-- TASK DIRECTIONS --
Reproduce all the data exactly, without pictures.

*** INPUT DATA ***

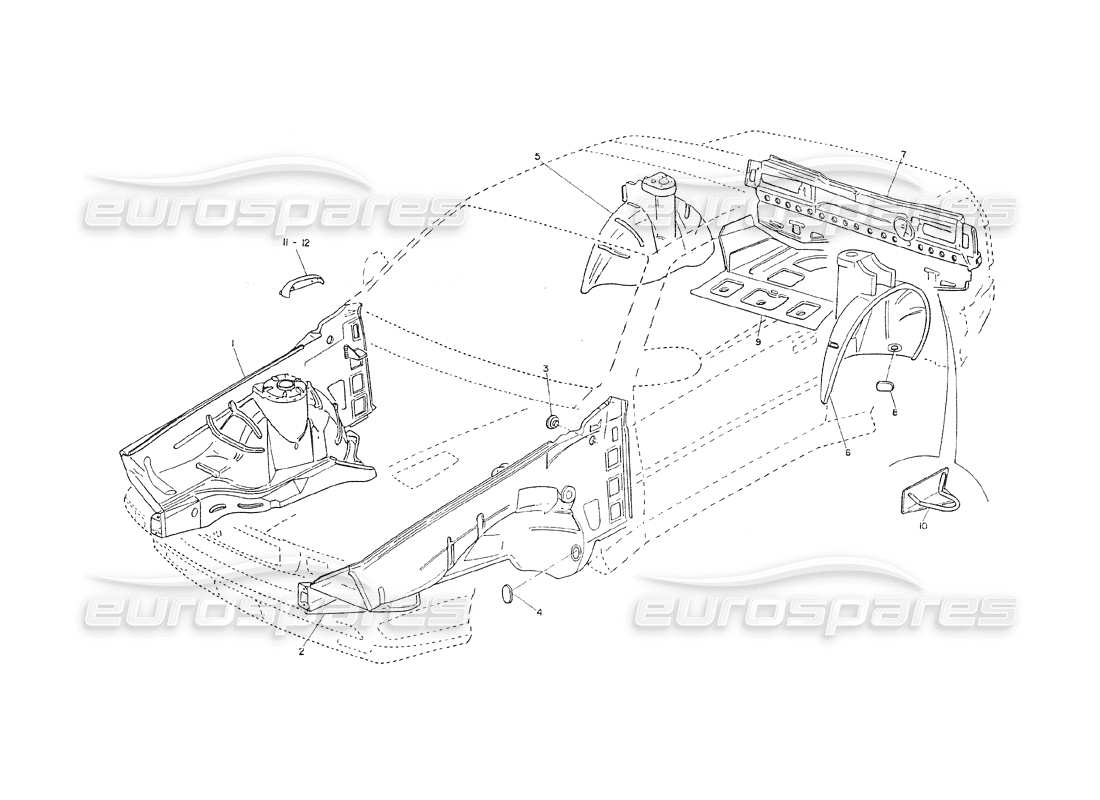 maserati shamal bodywork - internal frame parts diagram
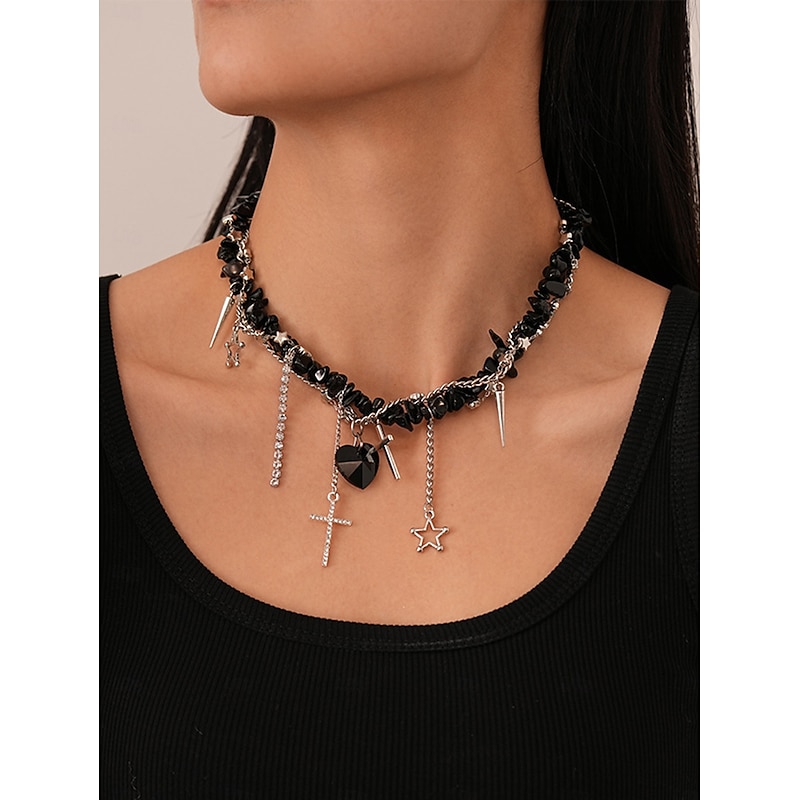 Women's Punk Gothic Black Stone Choker Necklace with Cross, Heart and Star Charms - Statement Jewelry for Party, Club and Night Out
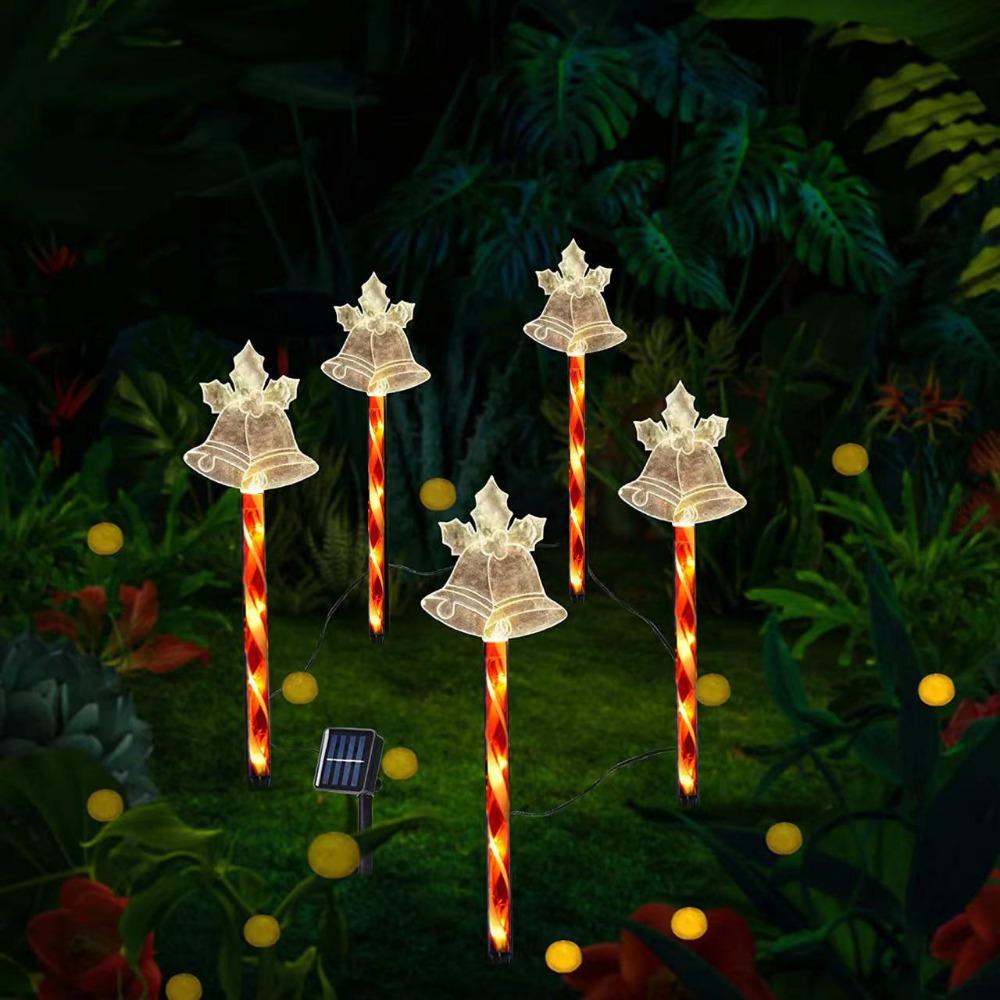 

5 шт./набор 8 режимов Пейзажные рождественские огни Снежинка Солнечные садовые огни Газон Style B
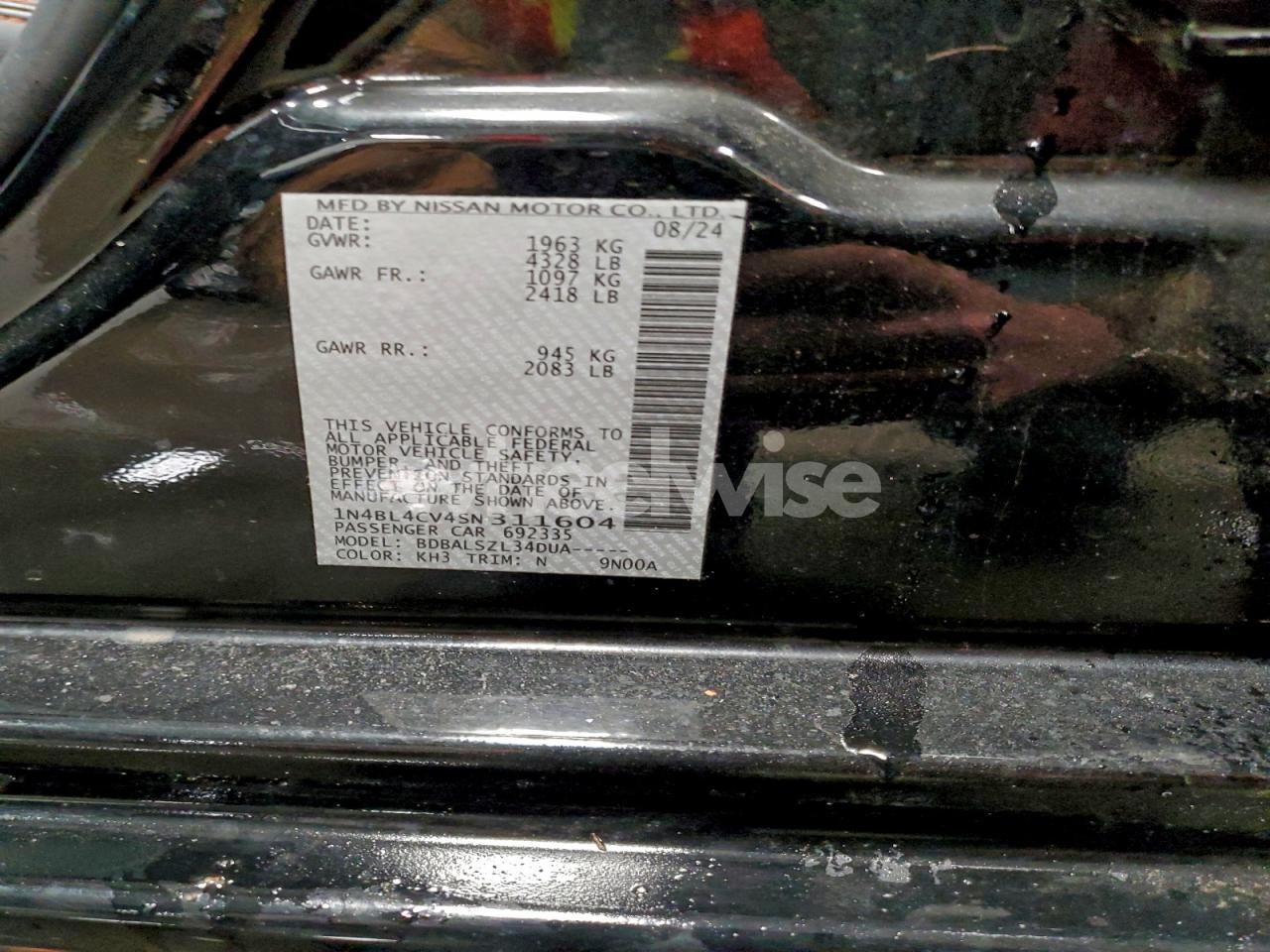 Photo 12 of 2025 NISSAN ALTIMA SR (VIN 1N4BL4CV4SN311604)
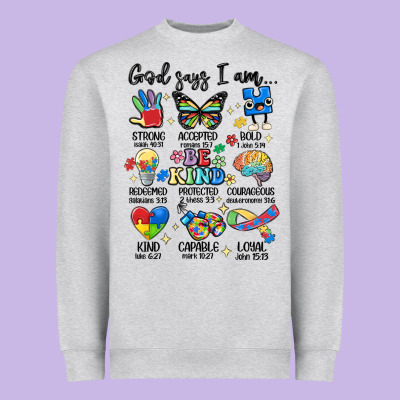 God Says  Am Autism Heavyweight Sweatshirt Designed By Maliassmallbusiness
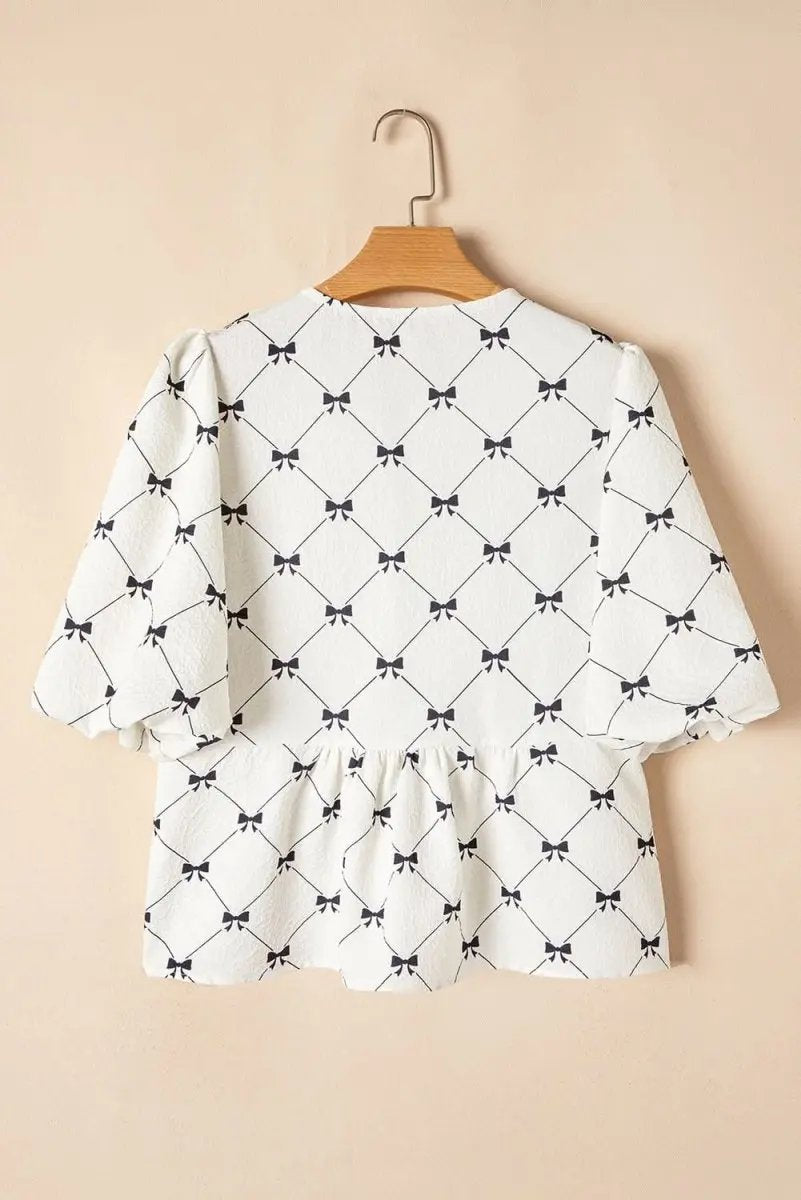 Charming White Bowknot Print Bubble Sleeve Blouse with Front Knots - Love Salve 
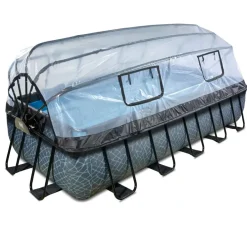 Piscine grise 540x250x100 cm avec dôme et pompe filtrante sable EXIT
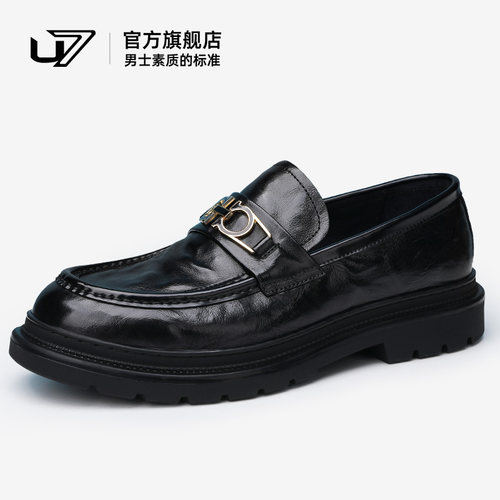 u7品牌男鞋一脚蹬英伦纯牛皮皮鞋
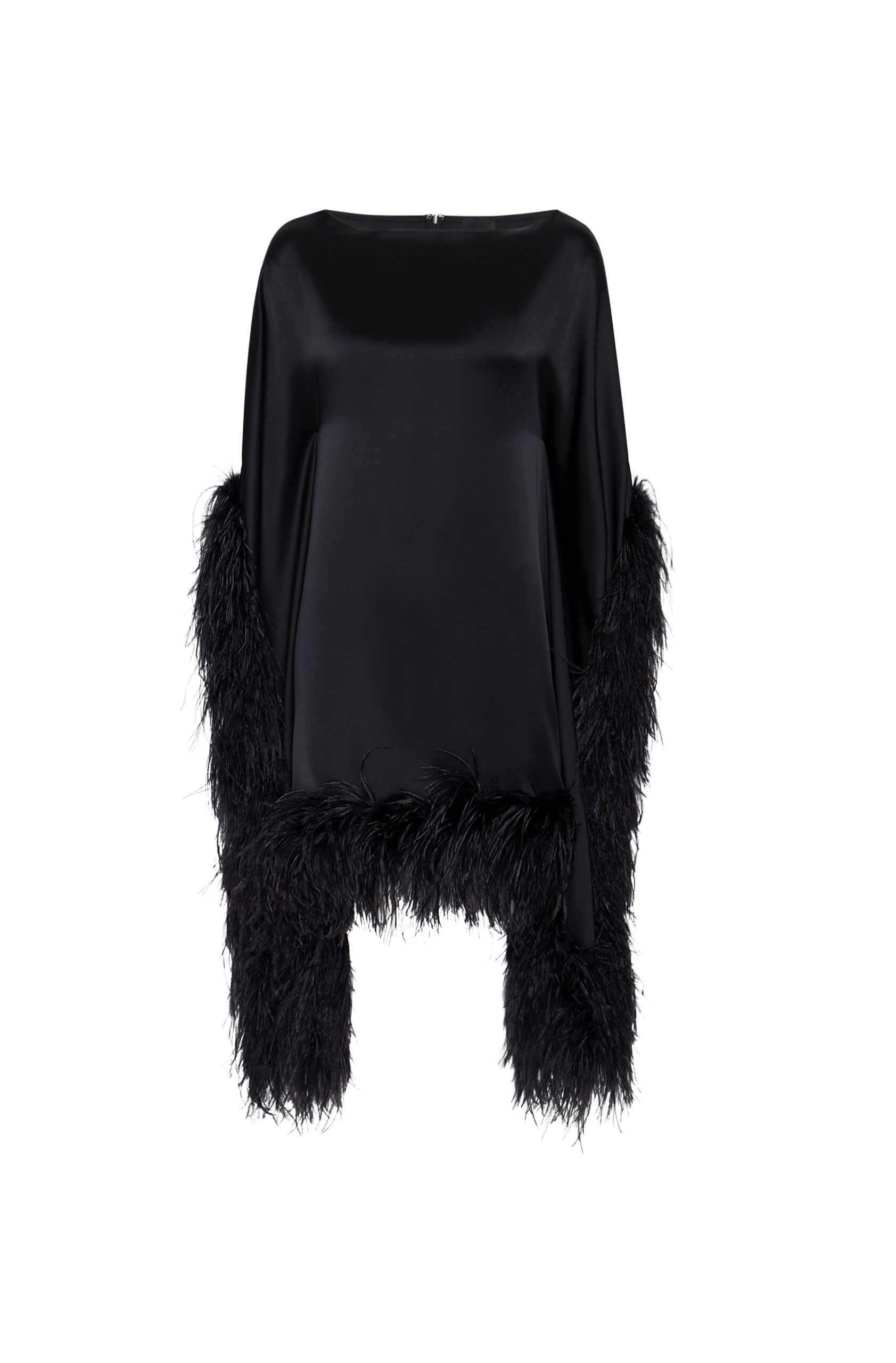 LaPointe Satin Cape Dress With Feathers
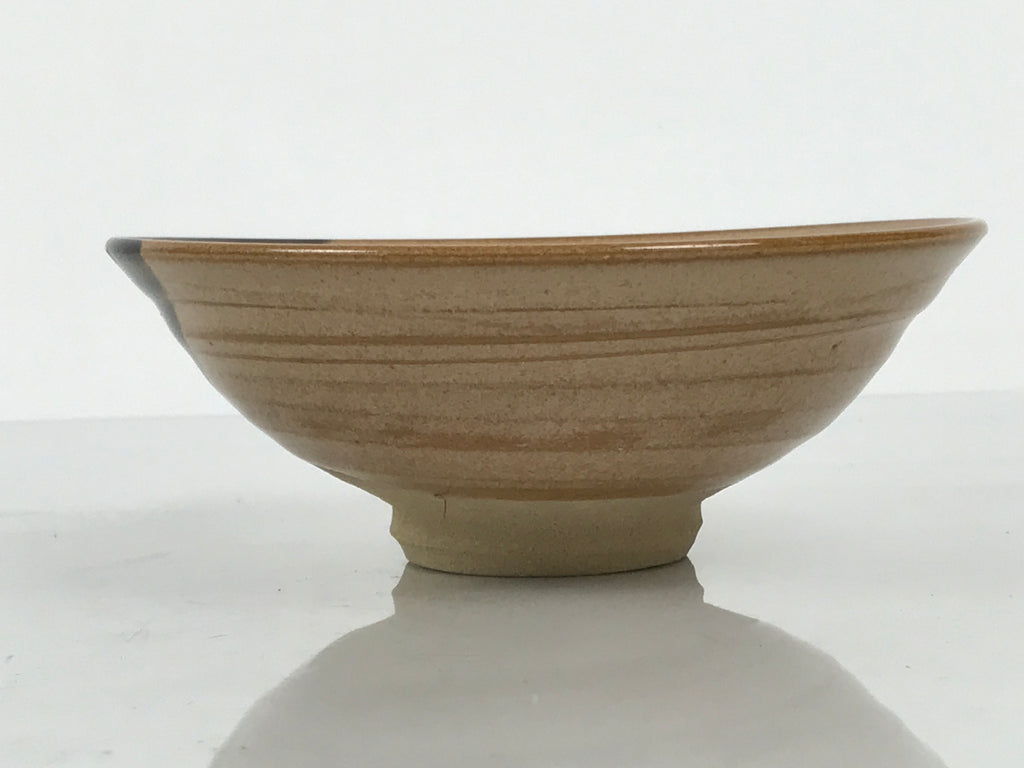 Japanese Ceramic Green Tea Bowl Summer Matcha Chawan Vtg Pottery Brown SCW11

***

-- WRITTEN REPLY --
 maserati shamal bodywork - internal frame parts diagram
 Women's Punk Gothic Black Stone Choker Necklace with Cross, Heart and Star Charms - Statement Jewelry for Party, Club and Night Out

5 шт./набор 8 режимов Пейзажные рождественские огни Снежинка Солнечные садовые огни Газон Style B
 Photo 12 of 2025 NISSAN ALTIMA SR (VIN 1N4BL4CV4SN311604)
 God Says  Am Autism Heavyweight Sweatshirt Designed By Maliassmallbusiness
 Charming White Bowknot Print Bubble Sleeve Blouse with Front Knots - Love Salve 
 Piscine grise 540x250x100 cm avec dôme et pompe filtrante sable EXIT
 u7品牌男鞋一脚蹬英伦纯牛皮皮鞋
 LaPointe Satin Cape Dress With Feathers
 Japanese Ceramic Green Tea Bowl Summer Matcha Chawan Vtg Pottery Brown SCW11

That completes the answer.